Of course, a fair question on the topic of evidence-based policy is this: whose evidence? Can’t decision-makers cherry-pick data to advance their own beliefs and ideology? Can’t researchers and evaluators use biased methods to argue a particular point?
Those are always valid concerns, but a hallmark of the bipartisan evidence-based policy movement, spanning several presidential administrations, has been a commitment to rigorous evidence based on valid, reliable research methods. It is a movement based on the idea that efficient and effective government requires understanding how well current policies are working and identifying alternatives that can work better. That requires incorporating evidence into decisionmaking, whether it is from rigorous program evaluations, program monitoring, performance measurement, data analytics, statistics or other useful approaches.
The American public wants its government to operate effectively and efficiently. It is a call that ties directly to Wisconsin and the spirit of Fighting Bob La Follette, the legendary progressive Wisconsin political leader of the early 1900s. To achieve that, policymakers need good information on which to base decisions. The Foundations for Evidence-Based Policymaking Act would improve the ability of researchers and decision-makers to securely use the data government already collects to better inform important policy decisions.

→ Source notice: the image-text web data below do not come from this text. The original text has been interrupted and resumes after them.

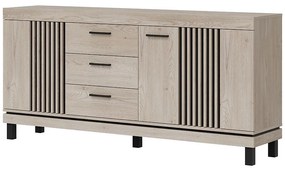 Komoda Mati Mi05 Dub Crem/Čierna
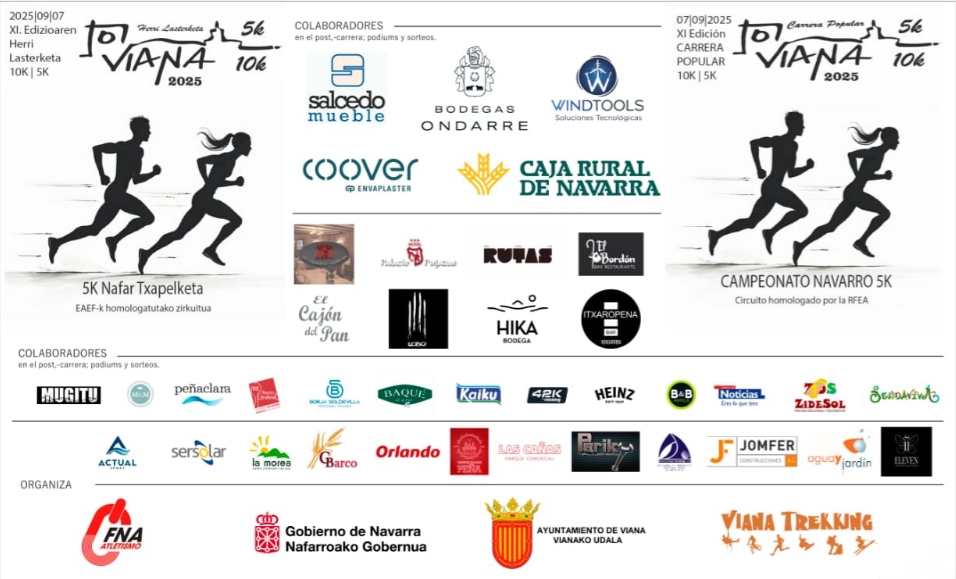 Cto Navarro 5K- Carrera Popular Ciudad de Viana.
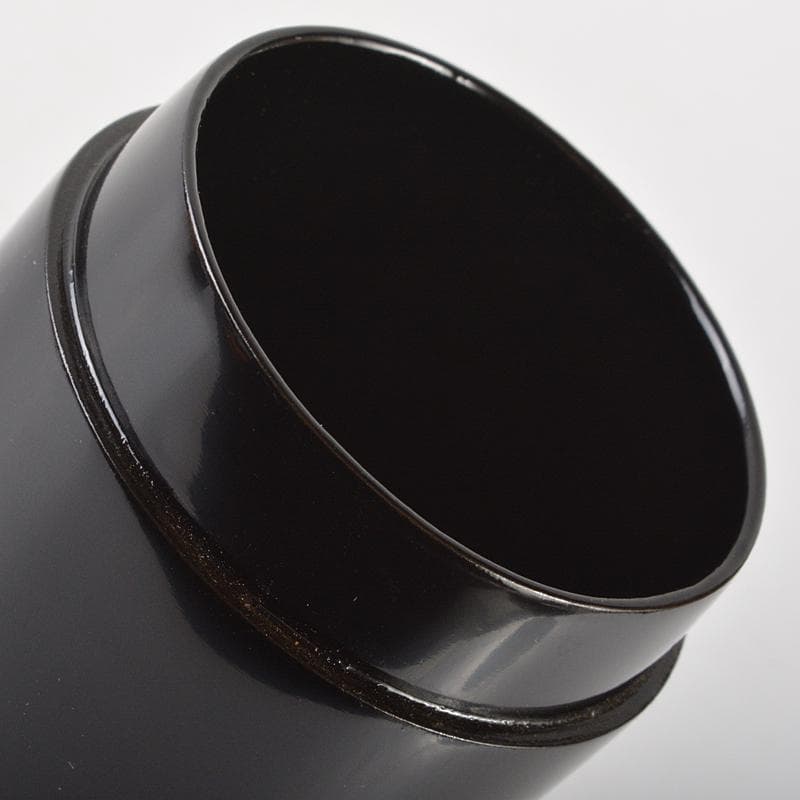 茶道具　塗師　牧田芳祥 作　あやめ蒔絵　長棗　共箱　V　R7229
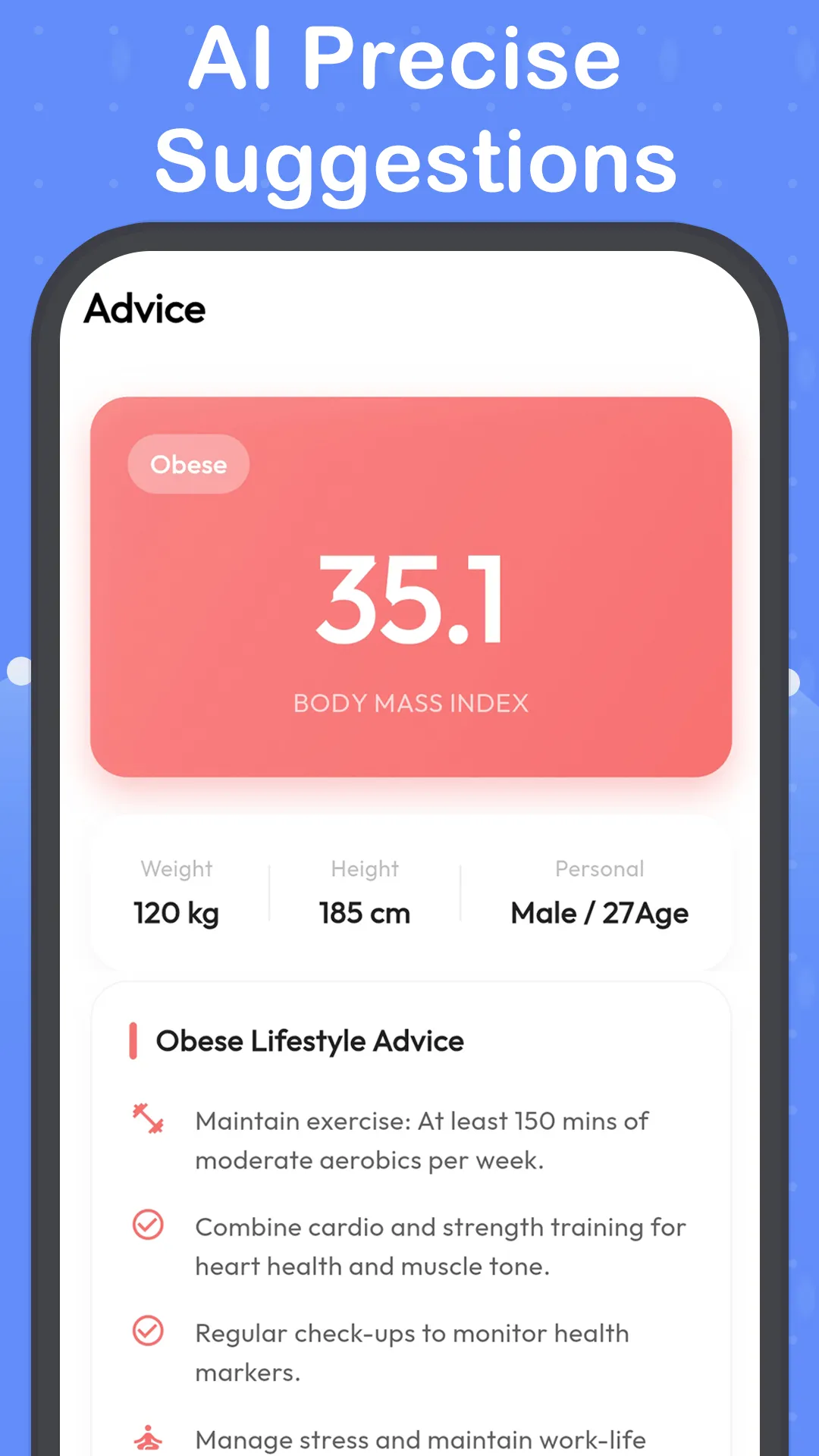 BMI Calculator-Weight record | Indus Appstore | Screenshot
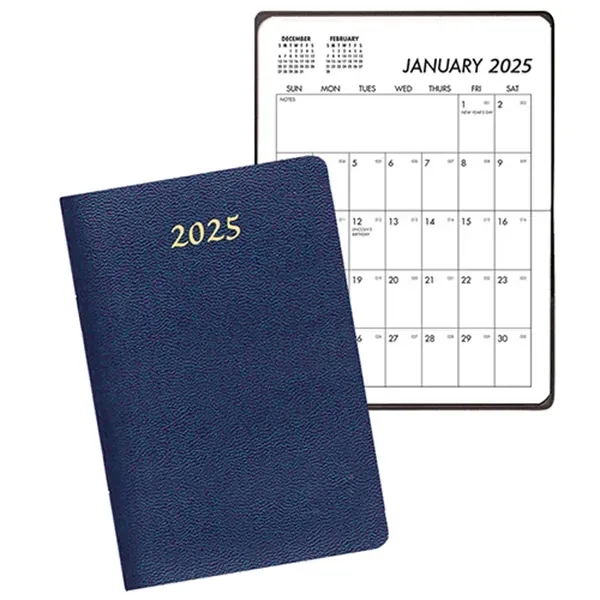 Saddle stitched pocket planner with leatherette cover.... from ASI 76575 Payne Publishers Inc / Payne Publishers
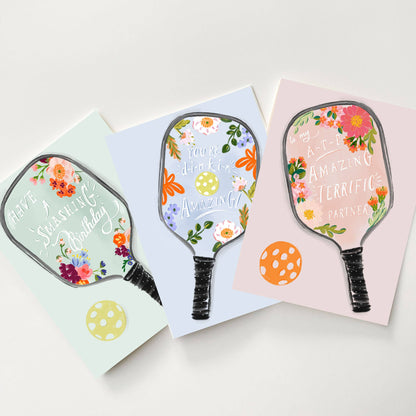To My Amazing Terrific Partner Pickleball Greeting Card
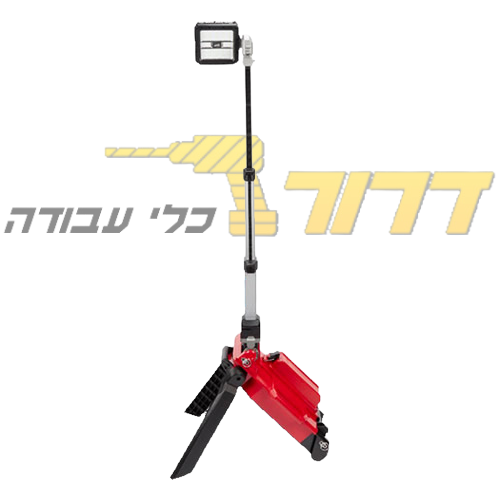 גוף עמוד תאורה מתקפל 5,400 לומן נטען  Milwaukee 18V 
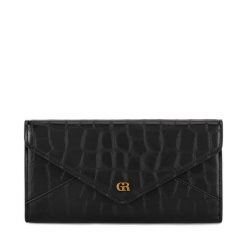 Portfel GINO ROSSI. Czarne portfele damskie Gino Rossi, bez wzorów. Za 99.99 zł.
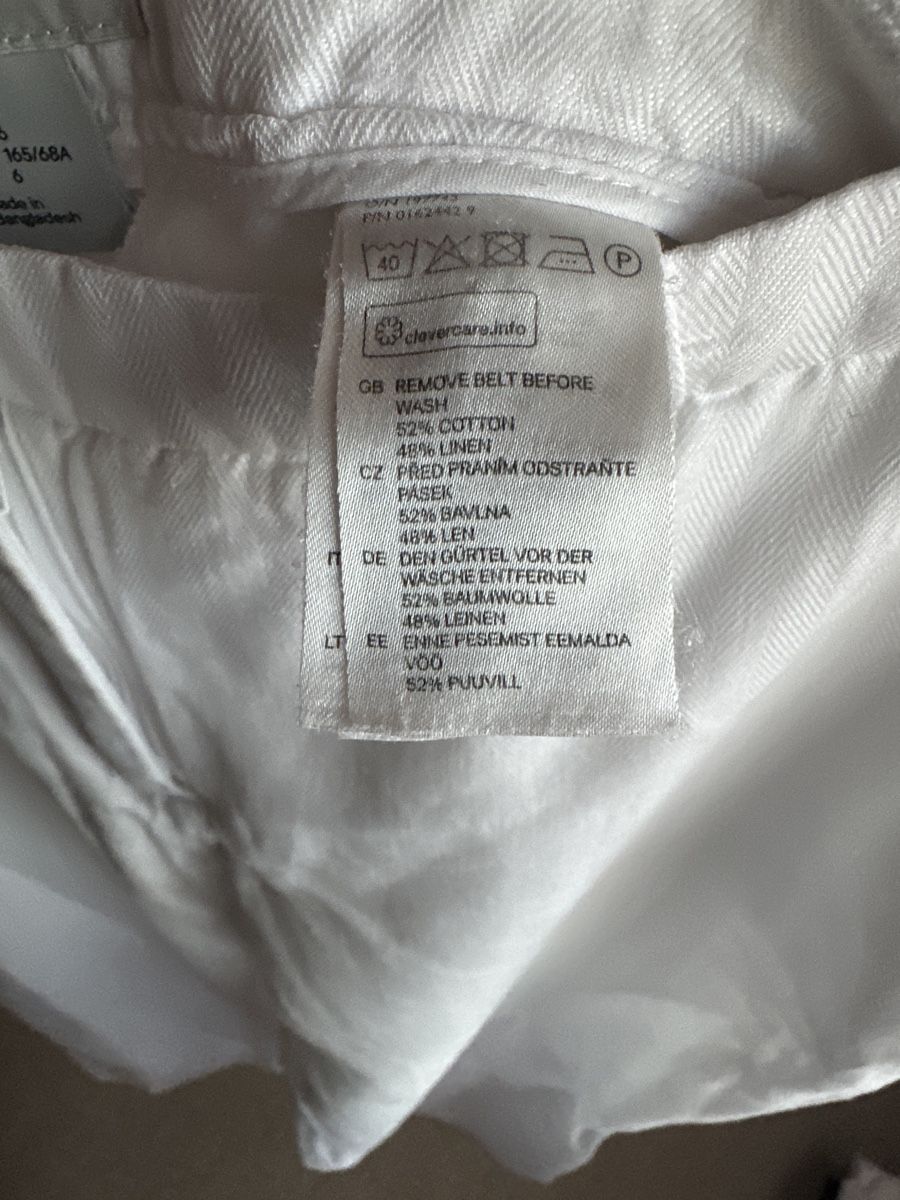 H&M Hosen: Sommerhose Leinen weiss Grösse 36 H&M – Gebraucht aus Buchs AG von tifena 2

Maria Cancian is a professor of public affairs and social work at the University of Wisconsin in Madison and the incoming dean of the McCourt School of Public Policy at Georgetown University. She served in the Obama administration. Andrew Feldman, a Milwaukee native, served on the Evidence Team at the White House Office of Management and Budget (OMB) in the Obama administration. Robert Shea served on the bipartisan Commission on Evidence-Based Policy and was the associate director for administration and government performance at OMB in the George W. Bush administration.